What GEPA needs from your task app

GEPA only works if the task app exposes the dataset and schema through /task_info, and routes each rollout to the correct example based on seed.

Required data in task_info

Your task app must return:
  • Dataset identifiers and available splits
  • Input/output schema (field names and types)
  • Any metadata needed to interpret examples
  • A stable mapping between seed and examples
Minimal example:
{
  "id": "banking77",
  "splits": ["train", "validation"],
  "input_schema": {"text": "string"},
  "output_schema": {"label": "string"}
}

Include actual tasks or a dataset registry

From task app examples, GEPA works best when the task app either:
  • Returns an explicit task list in task_info (each task includes seed + inputs), or
  • Exposes a dataset registry and uses seed to sample deterministically at rollout time.
If you return explicit tasks, the expected shape looks like:
{
  "tasks": [
    { "seed": 0, "input": { "text": "..." } },
    { "seed": 1, "input": { "text": "..." } }
  ]
}

Seed routing (how GEPA selects examples)

Each rollout includes a seed. The task app must map that seed to a deterministic example from the dataset split used for the job (train/validation/test).

Train vs validation seeds

GEPA expects you to provide train/validation seeds in the job config, and the task app must honor them consistently:
  • Train seeds drive candidate scoring
  • Validation seeds drive Pareto selection
If your task app uses multiple splits, use env_name or split metadata to ensure seeds map to the correct split.

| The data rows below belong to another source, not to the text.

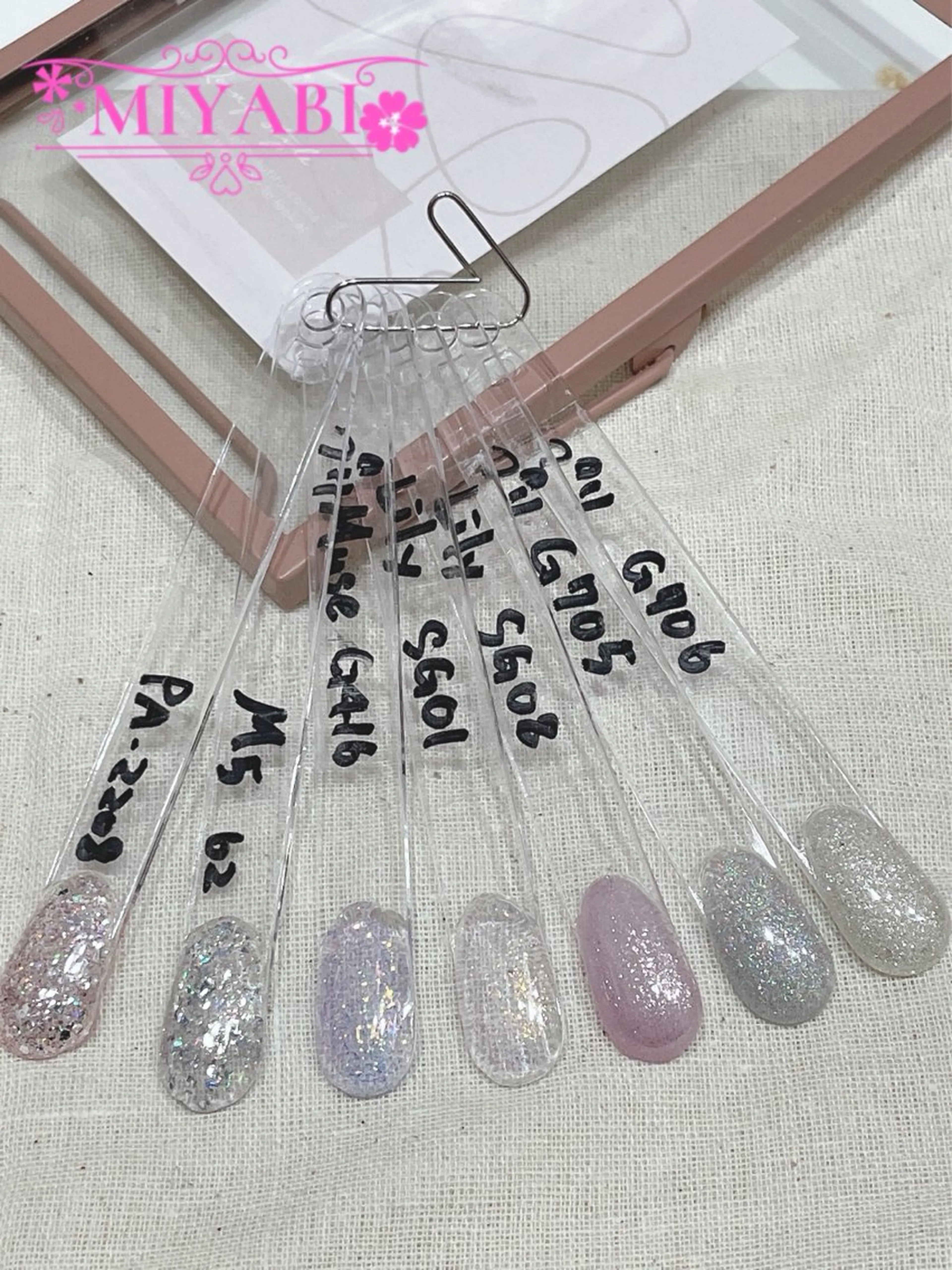 ネイル ラメ(グリッター) Nail Salon Miyabi所属・当日予約OK🫶🏻 Mai *のネイルデザイン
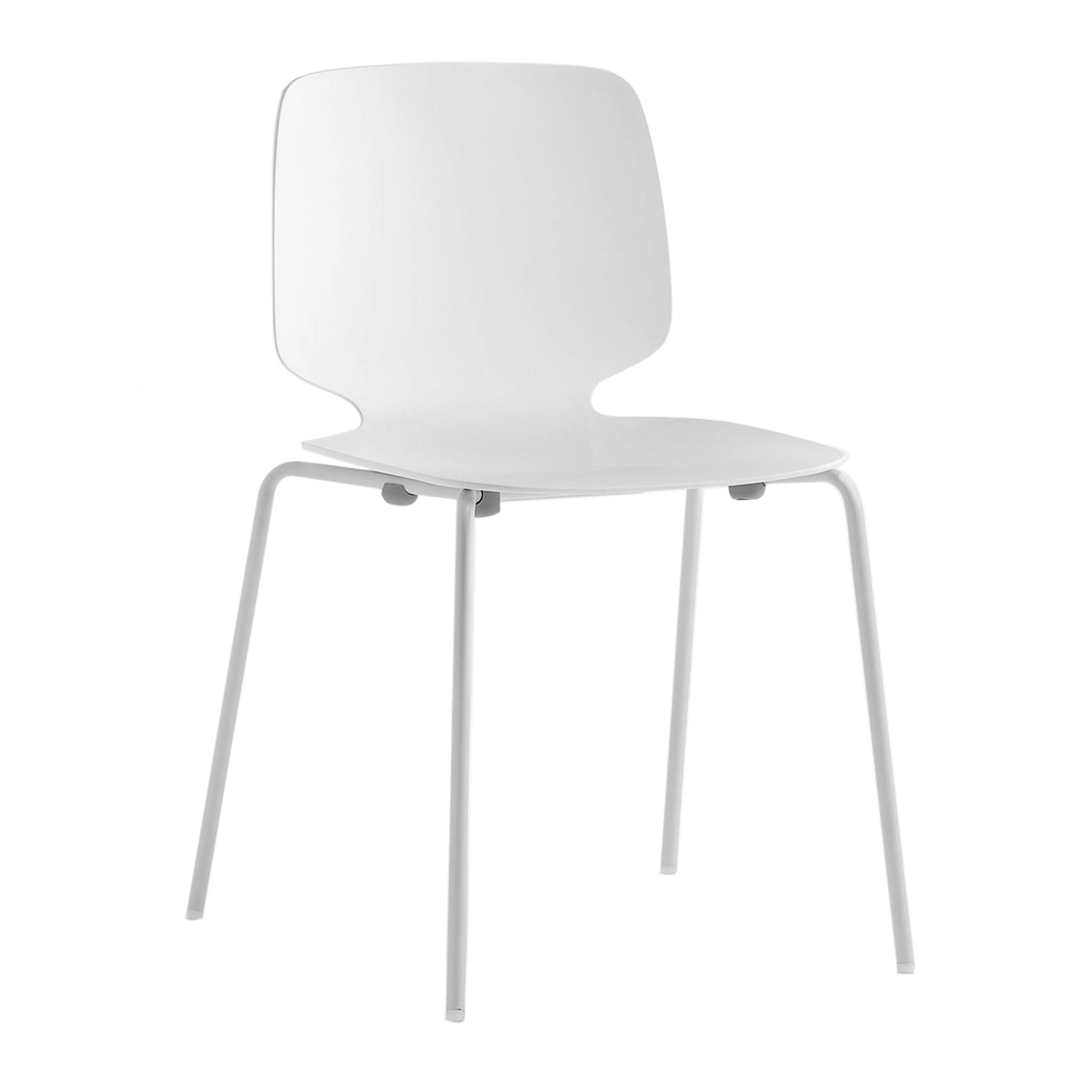 Polypropylene chair with metal frame A-2730 Babila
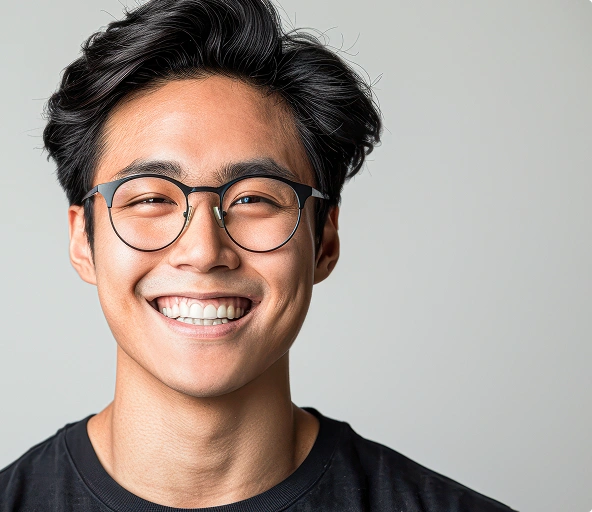 Image showing vision care services or eye examination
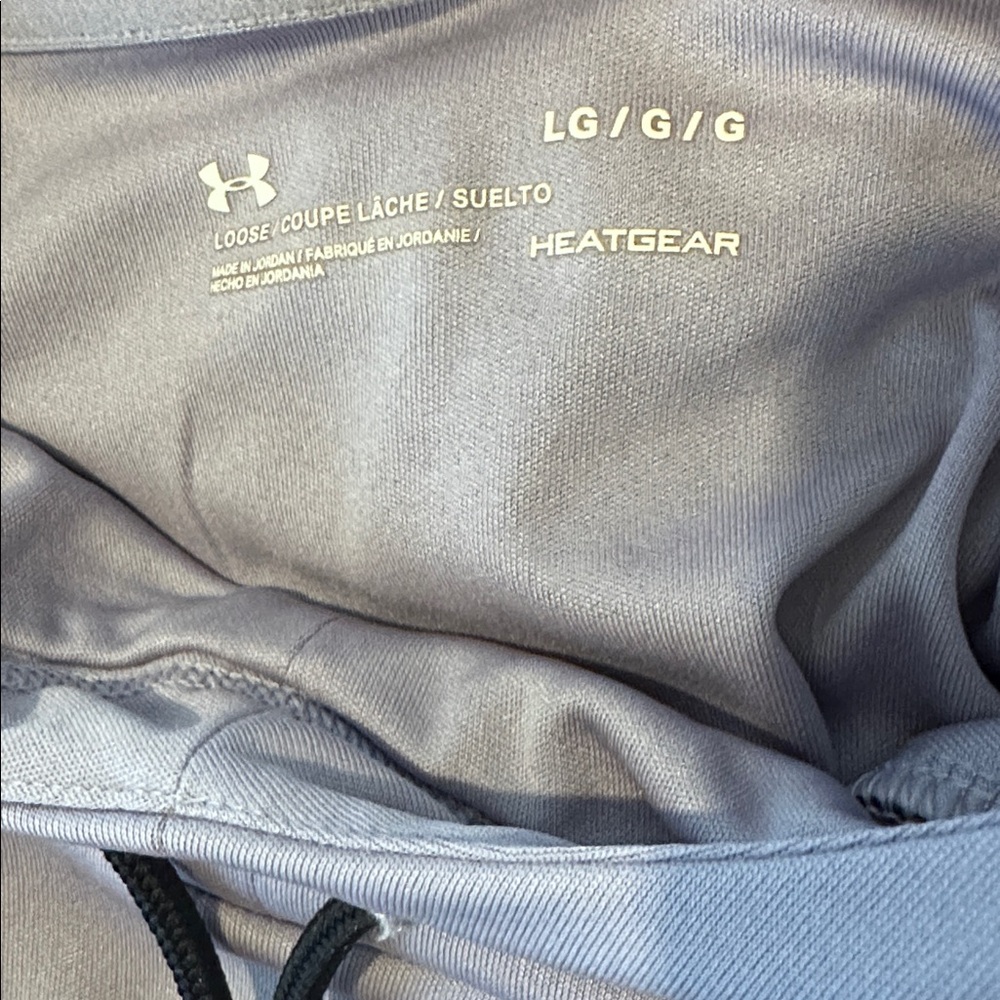 Under Armour Women Velocity Woodmark Lavender Long Sleeve Hoodie - Picture 6 of 6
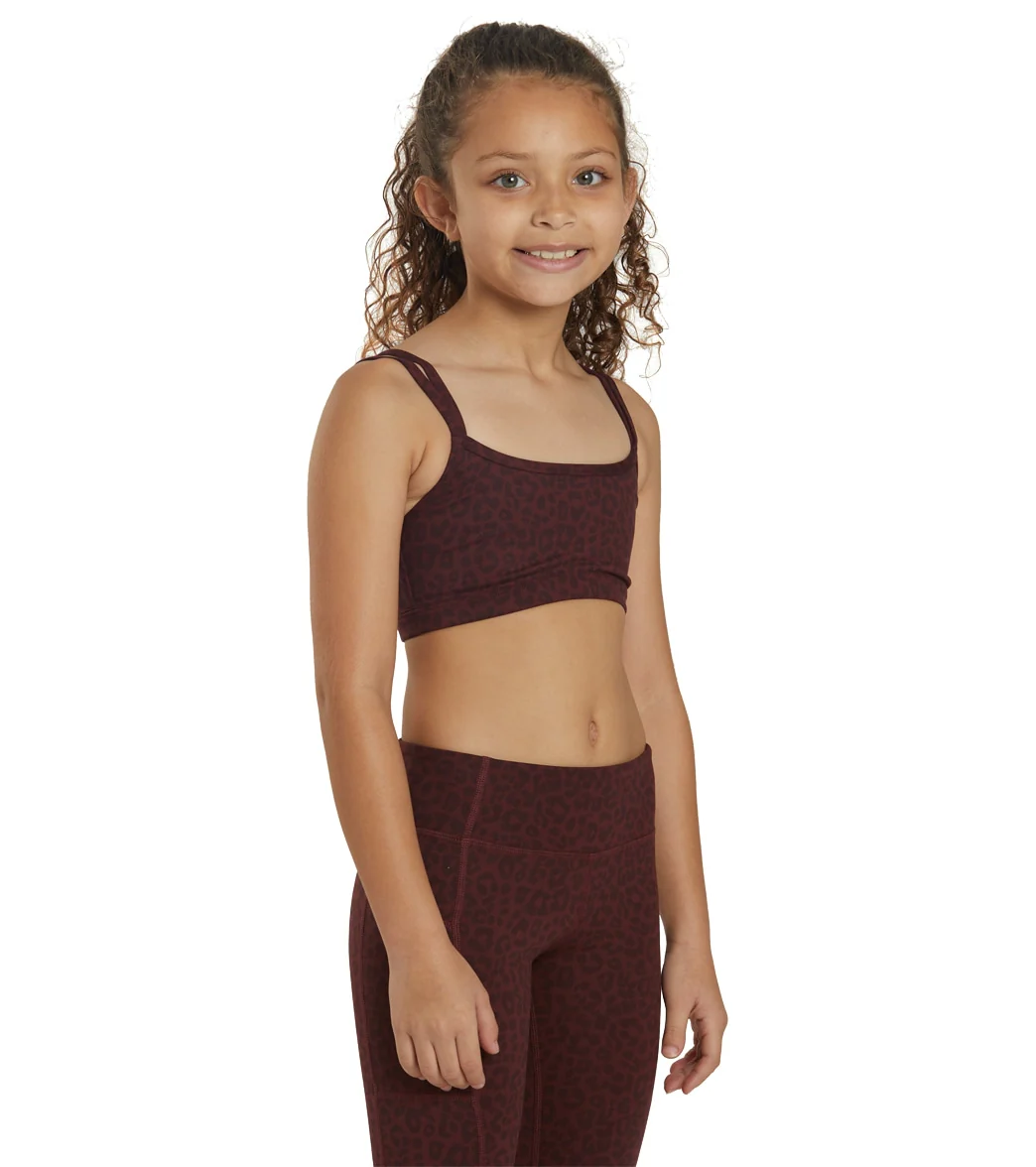 Everyday Yoga Girl Wholesome Cheetah Sports Bra - Image 4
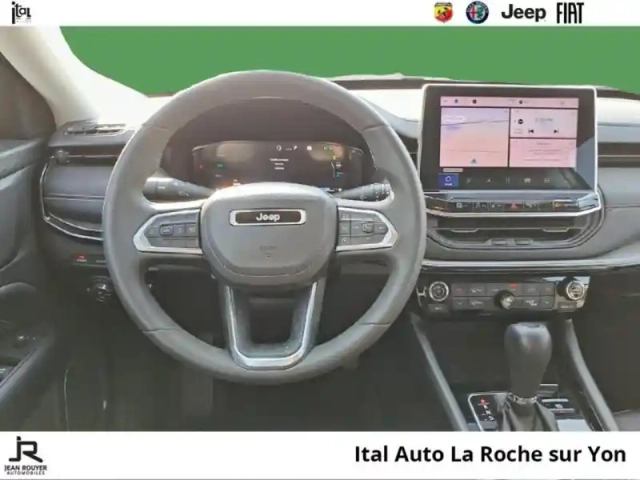 Jeep Compass 1.3 turbo t4 190ch phev 4xe night eagle at6 eawd — photo 14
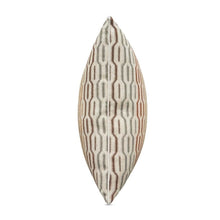 Sundance Ashbury 19" Square Pillow, Set of 2 - Autumn/Natural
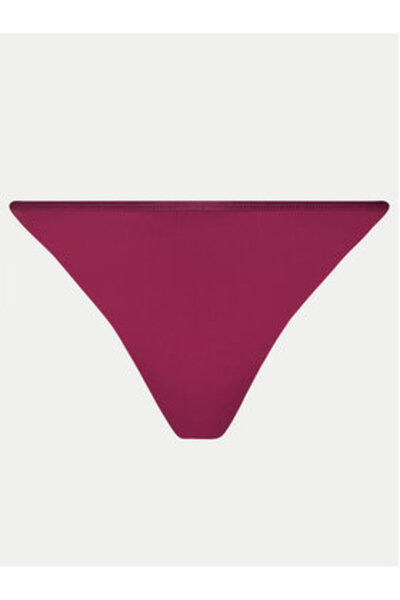 Calvin Klein Γυναικεία Κλασικά Σλιπ 000QF7549E Μωβ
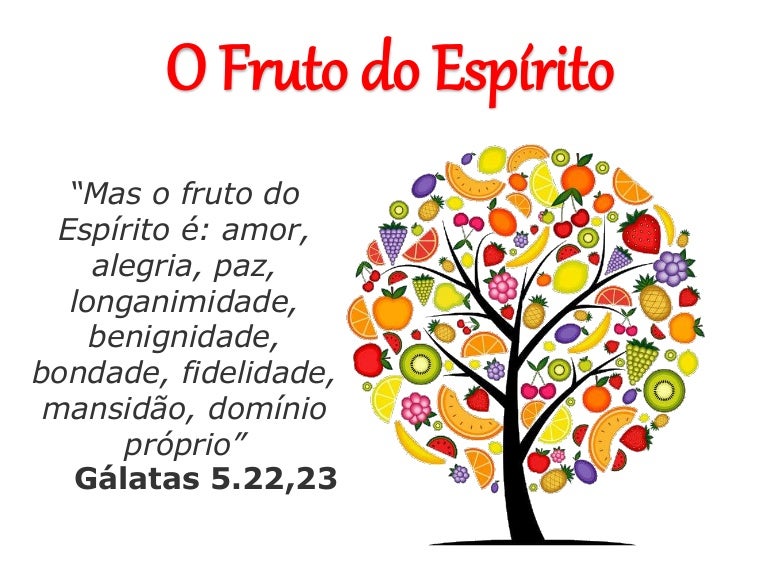 Os Dons Do Espirito Santo E Seus Frutos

Rollout input contract (data path)

GEPA sends:
{
  "seed": 42,
  "inputs": { "text": "..." },
  "policy_config": { "inference_url": "...", "model": "..." }
}
Your task app must:
  1. Load the example corresponding to seed
  2. Run the prompt against the example
  3. Return metrics.mean_return as the reward

Multimodal datasets (images, files)

If your dataset includes images or files, include them in inputs or in the task list with stable placeholders (e.g. {{image}}) and resolve them at rollout time. Use base64-encoded data URLs for reproducibility when needed.

Dataset prep checklist

  • Deterministic seed -> example mapping
  • Clear split boundaries (train/validation/test)
  • input_schema/output_schema aligned with your prompt format
  • Task app returns metrics.mean_return for every rollout

SDK

import os
from synth_ai.sdk import PromptLearningJob

async def run_optimization():
    client = PromptLearningClient(api_key=os.environ["SYNTH_API_KEY"])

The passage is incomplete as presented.